European stocks were lower at lunchtime on Thursday, following mixed messages on Sino-US trade even as lawmakers on Capitol Hill passed a bill on Hong Kong that could prove a stumbling block for negotiations.

At 1152 GMT, the Stoxx 600 was down by 0.4% at 402.09, as Germany's Dax dipped by 0.1% to 13,140.81 and the French CAC 40 slid by 0.2% to 5,882.59. Meanwhile, London's FTSE 100 was 0.6% lower at 7,217.02.

Chinese Vice Premier Liu He said in a dinner speech on Wednesday night that he was "cautiously optimistic" about negotiations, but Reuters reported that the signing of an initial deal might not take place this year.

Meanwhile, further progress in Sino-US trade negotiations has been complicated after the US Senate passed legislation aimed at protecting the rights of pro-democracy protesters in Hong Kong.
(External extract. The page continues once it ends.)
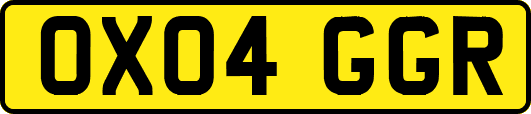 OX04GGR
IG analyst Chris Beauchamp said: "Trump’s likely signing of the Hong Kong bill raises the prospect that the US and China will find something other than trade to quarrel over – if the president was looking for an excuse to renew their trade spat then he has a tailor-made opportunity here to both hit China on trade and present himself as a champion of human rights and democracy.

"For someone so devoted to his public image, especially now the impeachment hearings are piling on the pressure, the opportunity may be too big to pass up."
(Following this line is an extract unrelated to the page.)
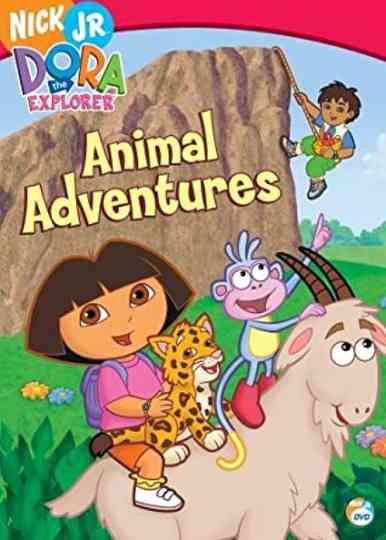 Dora the Explorer Animal Adventures poster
Among individual stocks, Tobacco companies British American Tobacco and Imperial Brands were in the green after US health regulators shelved measures that would have forced companies to cut nicotine in cigarettes to "non-addictive" levels.

German engineering firm Thyssenkrupp tumbled after scrapping its dividend after its full year net loss widened from €62m to €304m.

Shares in car manufacturer Fiat Chrysler were also lower after US contemporary General Motors lodged a lawsuit against the company and accused it of bribing officials from the United Autoworkers Union.

Danish insurance companies Topdanmark and Tryg both climbed after analysts at Nordea raised their rating for the duo from 'hold' to 'buy'.